Social media sites like Facebook and Twitter, give individuals and businesses the ability to correspond with vast audiences.

There are many examples of social media’s power to change corporate behavior. With the help of social media, environmentalists managed to reduce illegal logging of rosewood and other hardwoods in Madagascar. When a French company called Delmas continued with their shipments of illegally harvested rosewood, thousands of messages were directed at the company and the French government. This forced Delmas to cancel a major rosewood shipment (worth between $20-80 million), they then put an end to their rosewood business a few weeks later.

No one knows the power of social media better than Greenpeace. They have managed to force Nestle to adopt more sustainable business practices that will lessen deforestation in Indonesia. The scope and influence of new media are hard to resist. When Nestle tried to launch a misinformation campaign, social media users unearthed a multitude of Nestle’s questionable business practices including the illegal extraction of groundwater in Brazil.

According to a BBC documentary, pressure from individuals is causing big corporations to flex their supply chain muscles. Food and cosmetics manufacturer Unilever dropped Sinar Mas Agro Resources and SMART for clearing rainforests and carbon-dense peatlands. Nestle, Kraft, Burger King, and General Mills have all followed Unilever’s lead.

Pressure brought to bear through social media is driving corporations to cleanup their supply chains. Some businesses are responding to this pressure and changing the way they source commodities. Cargill, is now pressuring SMART’s parent company, Golden Agri Resources, to clean up its operations. In the summer of 2009, a Greenpeace report on deforestation in the Amazon, caused Nike to make their supply chains more sustainable.

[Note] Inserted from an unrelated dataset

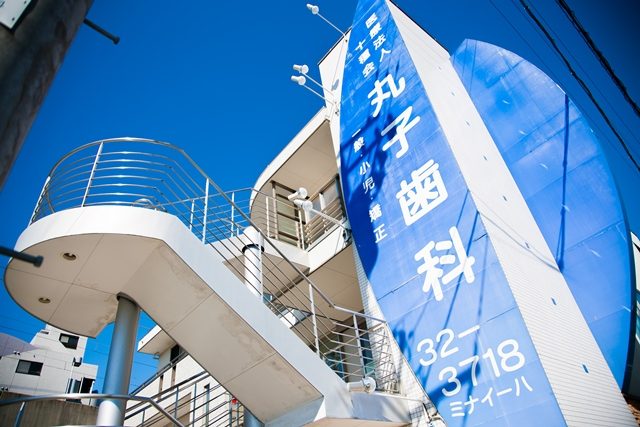 公式案内画像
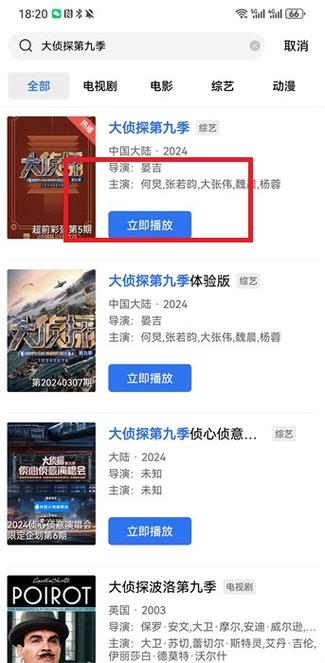 免费追剧软件不收费,设计策略快速解答_整版DKJ656.74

The World Bank suspended lending to all oil palm plantation projects, after the Wilmar Group, was found to be environmentally irresponsible and Cadbury New Zealand stopped using palm oil altogether after consumer complaints. This kind of public pressure has not only arrested the clearing of land in these areas, it has strengthened the market for sustainable palm.

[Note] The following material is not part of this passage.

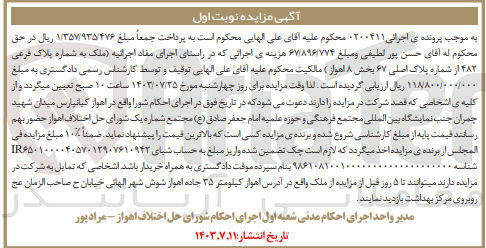 تصویر کوچک آگهی پرونده اجرایی کلاسه :0200411
فروش ملک به پلاک ثبتی 482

The ability to foster change proves that social media has come of age. Social media is a powerful communication and coordination tool. As long as environmental groups accurately present the facts regarding a companies environmental problems, they are performing a highly beneficial public service.

Individuals now have the power to make businesses cleanup their supply chains, and adopt more environmentally friendly approaches to business. As the targets of these campaigns know, social media can seriously damage a firm’s reputation.

Companies must now acknowledge that the revolutionary power of new media make the risks associated with irresponsible business practices a serious threat.

© 2011, Richard Matthews. All rights reserved.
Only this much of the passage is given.